Tony Perkis: Attention campers. Lunch has been cancelled due to lack of hustle. Deal with it.

Josh: The candy belongs to... Seymour Butts.
Tony Perkis: Seymour Butts? Seymour Butts? Who's Seymour Butts, hmm? Who's Seymour Butts?
Josh: Nobody's seen more butts than you, Uncle Tony!

Tony Perkis: You picked the wrong man to mess with.
Josh: [sarcastically] Oh, I didn't know I was messing with a man!

Tony Perkis: No dinner, no lunch, no breakfast! How does that grab you? Hmm?

Tony Perkis: Kiss the ground, joker-boy!
Josh: Hey, would you get your foot off my back?
Tony Perkis: Shut up!

Josh: [on the "Camp Hope", aka "Camp Hell" movie which everyone at the camp and all the kid's parents are there watching]
Josh: Forty push-ups?
Tony Perkis: No! Sixty! Down! Now! Eighty! One hundred!
Maury Garner: He's strict.

Tony Perkis: Let me make something very clear: The PerkiSystem does not work with cheaters like Gerald Garner. OK? How can I sell an infomercial about fat kids who can't keep their piggy little snouts shut? Hmm? Who's gonna buy that, huh?

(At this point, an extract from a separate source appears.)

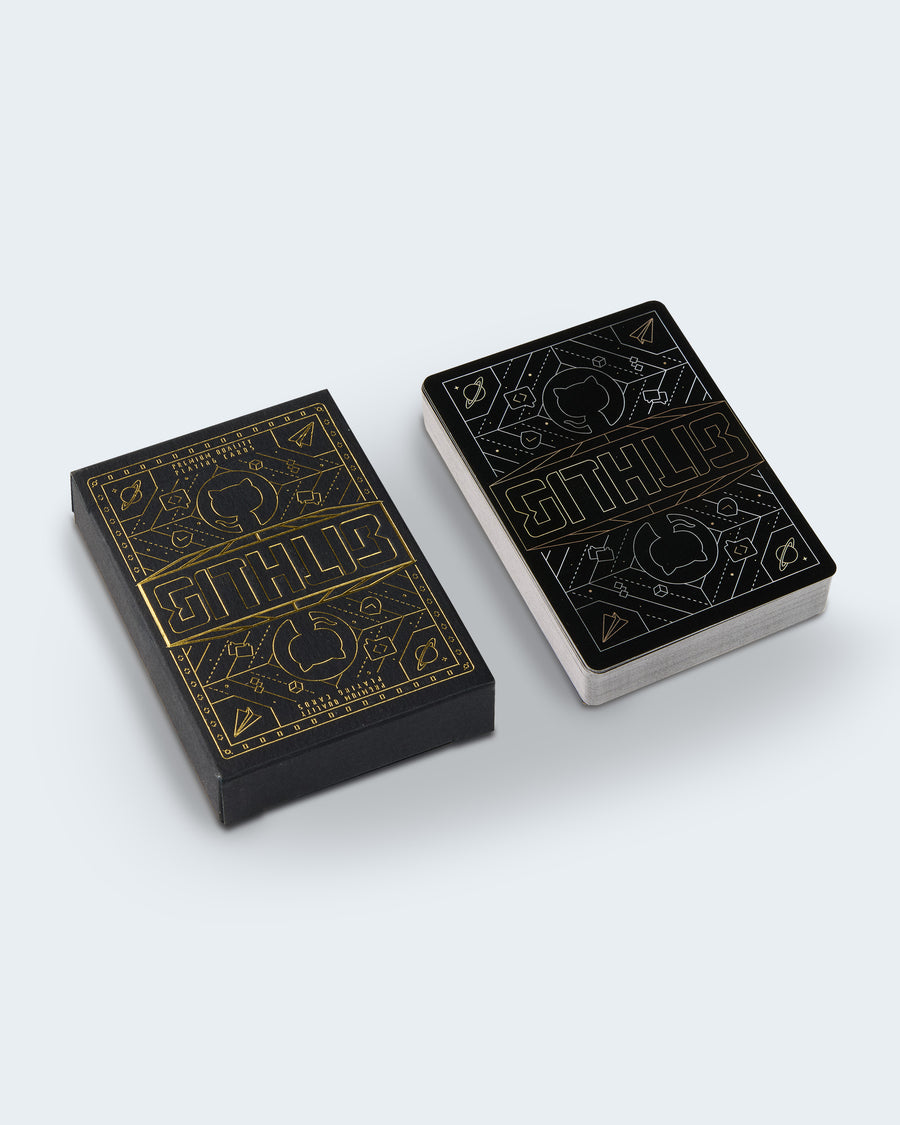 Box set of black and white customized GitHub playing cards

[Tony chases Josh down a hill and Josh gets a leg cramp]
Tony Perkis: Congratulations, you've just joined the 76% of Americans who forget to stretch before doing any physical activity.

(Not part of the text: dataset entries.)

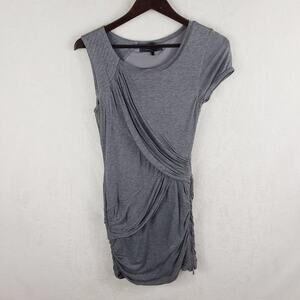Bcbgmaxazria Mini Dress Women S Heather Gray Jersey Knit Ruched Asymmetric Zip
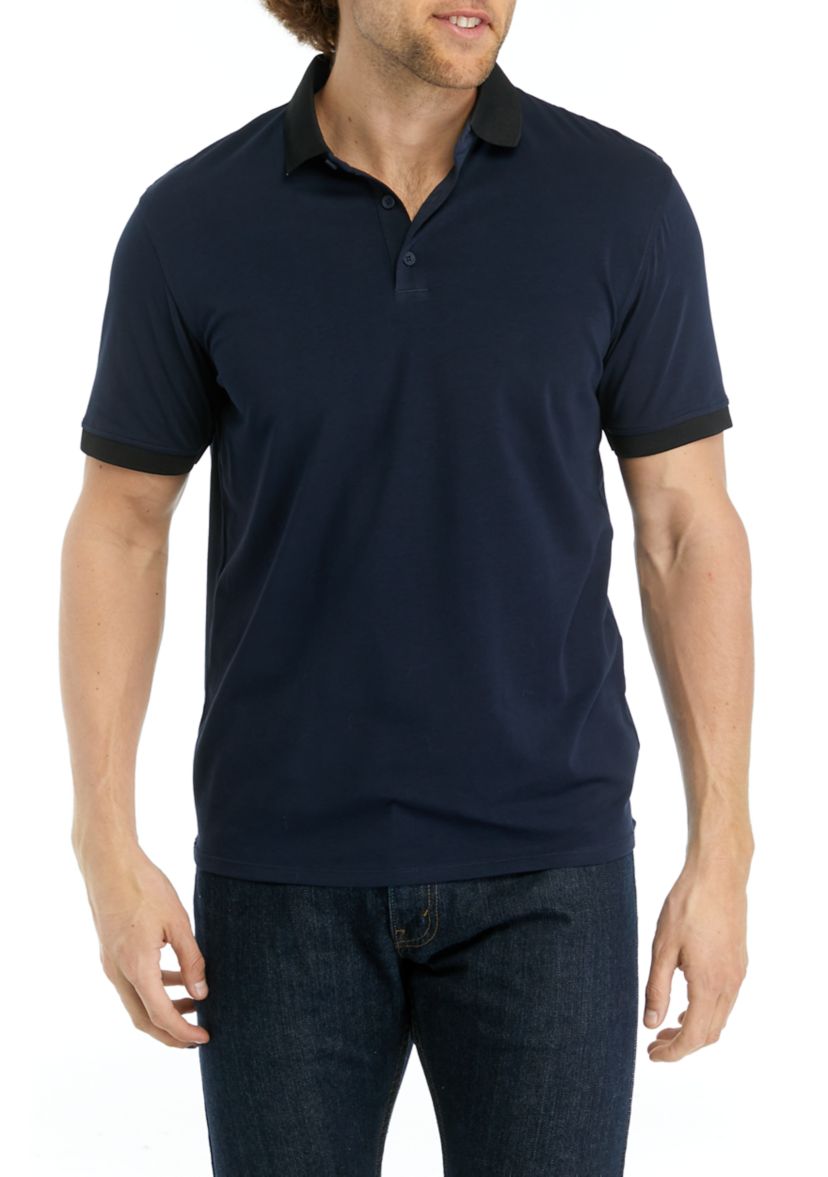 Mens Heathered Solid Short Sleeve Polo Shirt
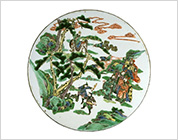 五彩手陶板（山水人物）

Tony Perkis: Did you ever hear the story of Icarus, who continually rolled the ball up the hill? But when he got too close, the ball melted in the heat of the Sun. You're all like Icarus.

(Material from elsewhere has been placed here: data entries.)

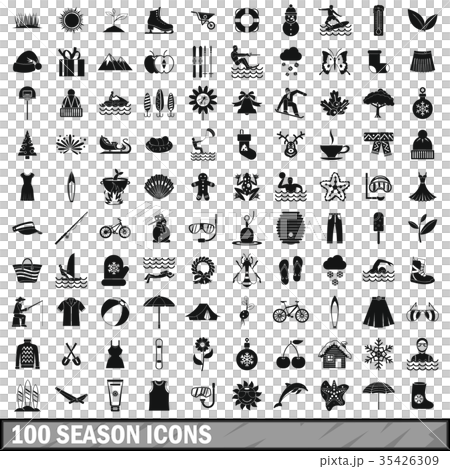100 season icons set, simple style 35426309
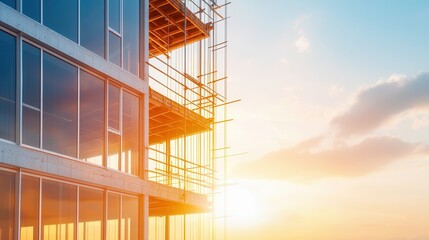 Poster - Construction Building Sunset Sky.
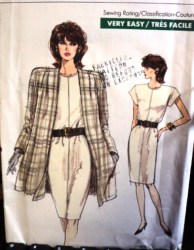 7127 VOGUE EZ SS DRESS, LONG FLARE OPEN JACKET  PATTERN  18-22  uncut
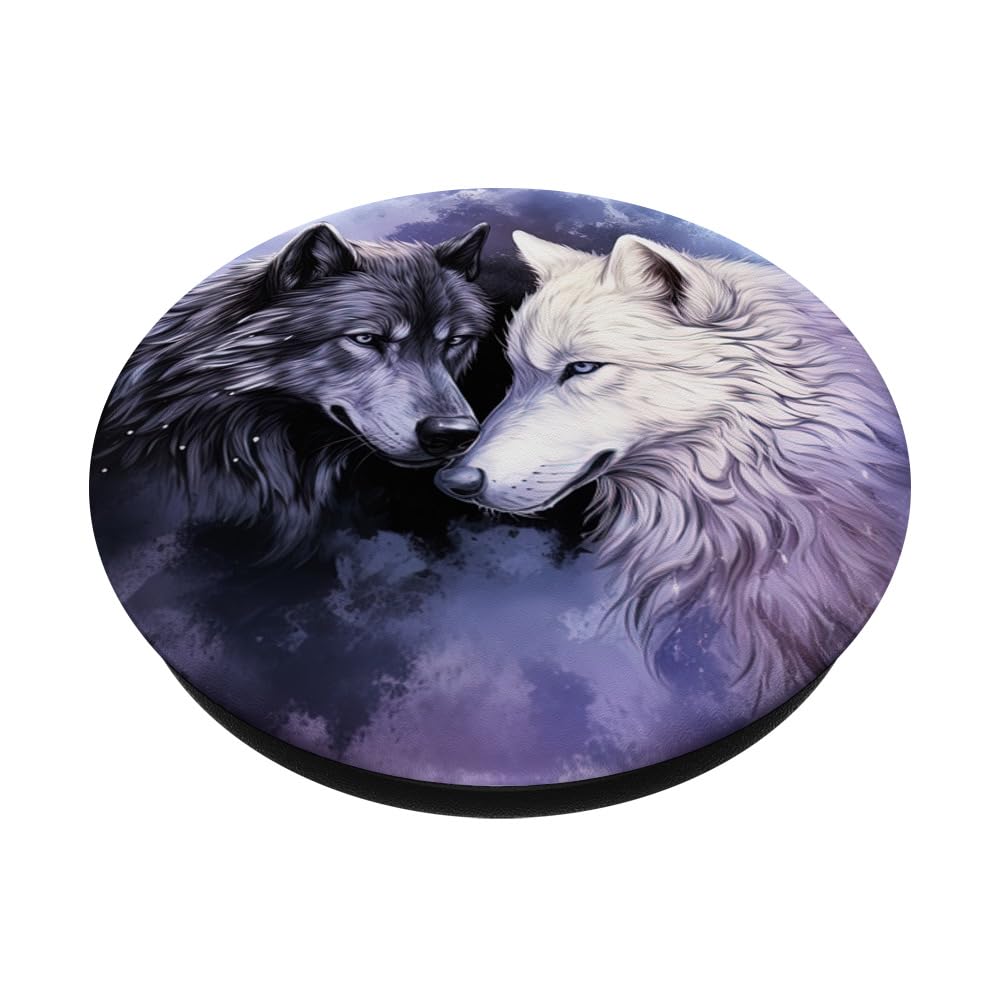 Amazon.com: Cool Yin and Yang White and Black Wolf Wolves Lover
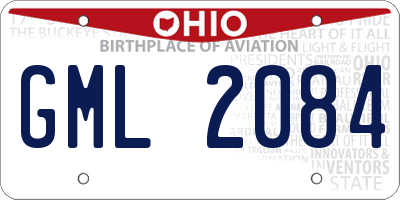 OH license plate GML2084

Tony Perkis: [first time seen] Can you smell it? There's a life force in here tonight. Do you feel it? Hmm? I look around this room, and I see potential.
[to Gerry]
Tony Perkis: I see the future chairman of a Fortune 500 company.
[to Roy]
Tony Perkis: I see a famous rap artist.
[to Nicholas]
Tony Perkis: I see the president of the United States of America.
Gerry: He's from England!

Tony Perkis: Kids, at age 12, I weighed 319 pounds. I had bad skin, low self-esteem, and no self-respect. Now, I eat success for breakfast, with skim milk.
Nicholas: [gets a sour look on his face] Ugh.

Tony Perkis: All you need is Mother Earth, Father Sky, and your dear old Uncle Tony.

Tony Perkis: [Upon finding contraband salami] Oh look! A deli meat!

Tony Perkis: Come 'ere, you devil log!

Tony Perkis: You've been a good guard, Nicholas. Fair and strong. I want to reward you with this chocolate kiss.
[holds out the fake candy to Nicholas]
Nicholas: Throw it over!
Tony Perkis: Then it would smoosh... we wouldn't want that.
Tony Perkis: [Nicholas goes to grab the candy and Tony puts him in a headlock] Looks like London Bridge is falling down!

Tony Perkis: Hey! Who wants to be on T.V. hhmm? That's Kenny the Camera Man!

Tony Perkis: Only film the ones that are standing Kenneth.

Tony Perkis: Oh yes that was wonderful. So entertaining. The cinematography, the editing techniques. Though I must say, the villain, was a bit... over the top.

Tony Perkis: Attention campers the topic for tonight's discussion is, "Liposuction: Option or Obsession."

Tony Perkis: [over the loudspeakers] Time to wake up, campers! Today is evaluation day. The key word here is 'value.' Do you have any? Not yet! But before summer's over, this camp's gonna be filled with skinny winners!
Roy: "Skinny weiners?" You hear that, guys?